### Information shown
++++++++++

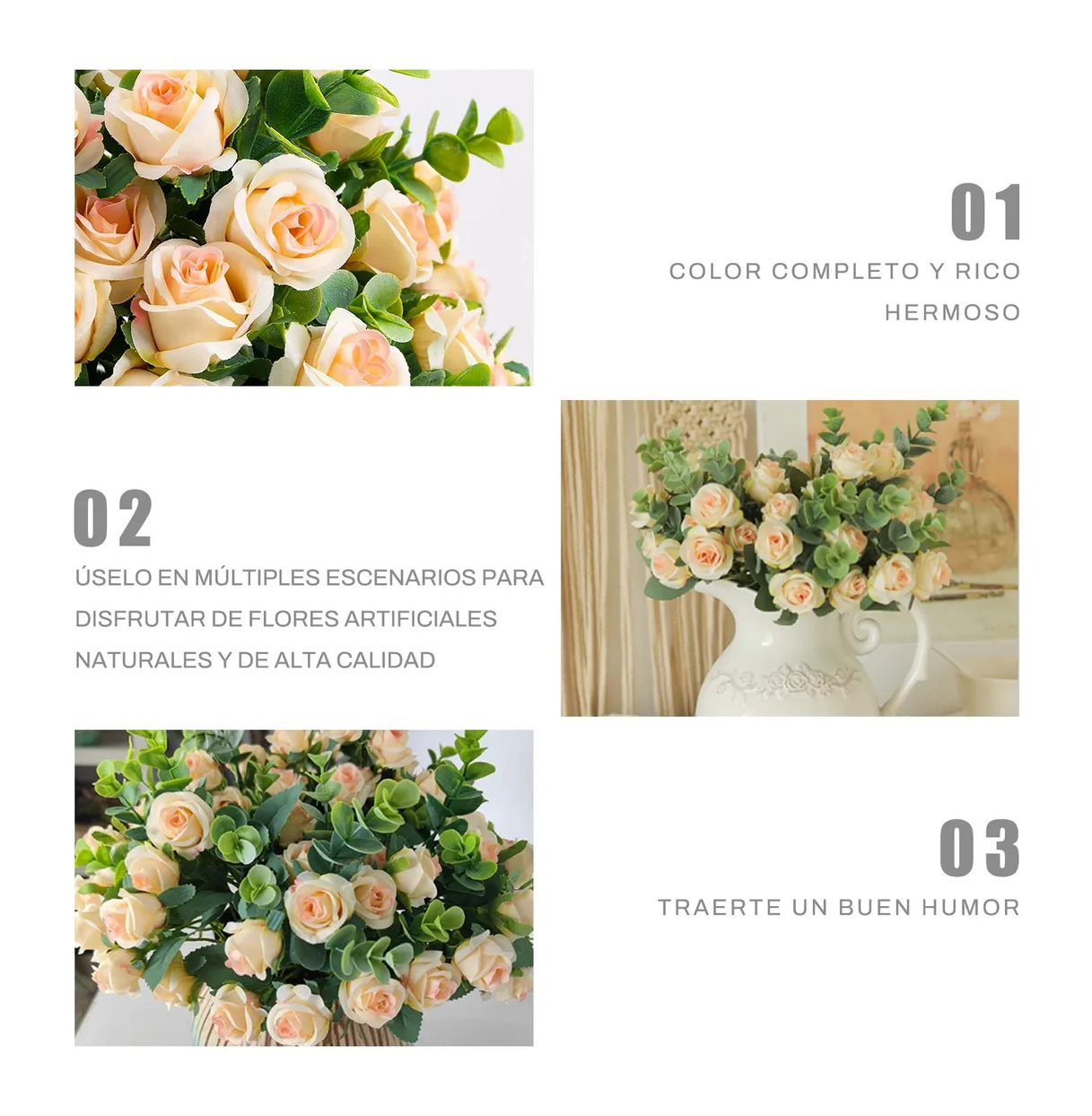 Foto 5 pulgar | 5 Ramos Flores Rose Artificiales Rama Decorativa 50 Flores Eo Safe Imports Esi-19810 Beige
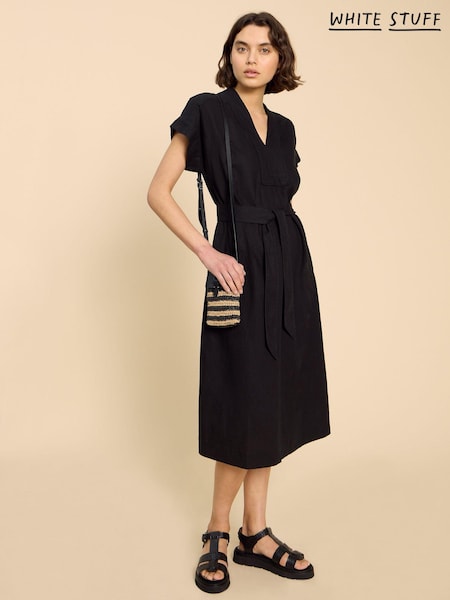 White Stuff Black Linen Blend Marianne Dress (B66607) | €46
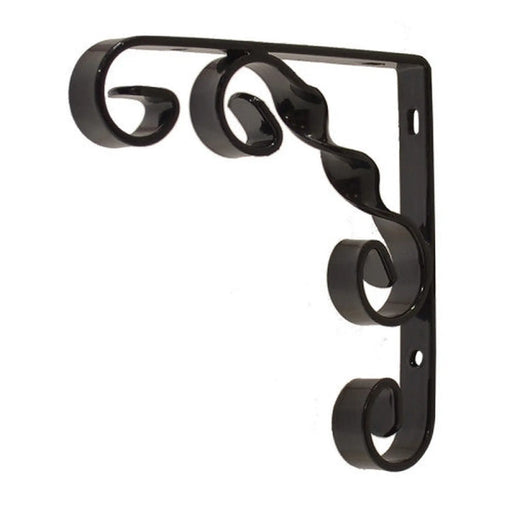 Wrought Iron Scroll Brackets, Black Finish, 100mm - Pack of 10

++++++++++

Print the material precisely as given, dropping any images it holds.

### Output of the exercise
 Foto 5 pulgar | 5 Ramos Flores Rose Artificiales Rama Decorativa 50 Flores Eo Safe Imports Esi-19810 Beige
 White Stuff Black Linen Blend Marianne Dress (B66607) | €46
 Wrought Iron Scroll Brackets, Black Finish, 100mm - Pack of 10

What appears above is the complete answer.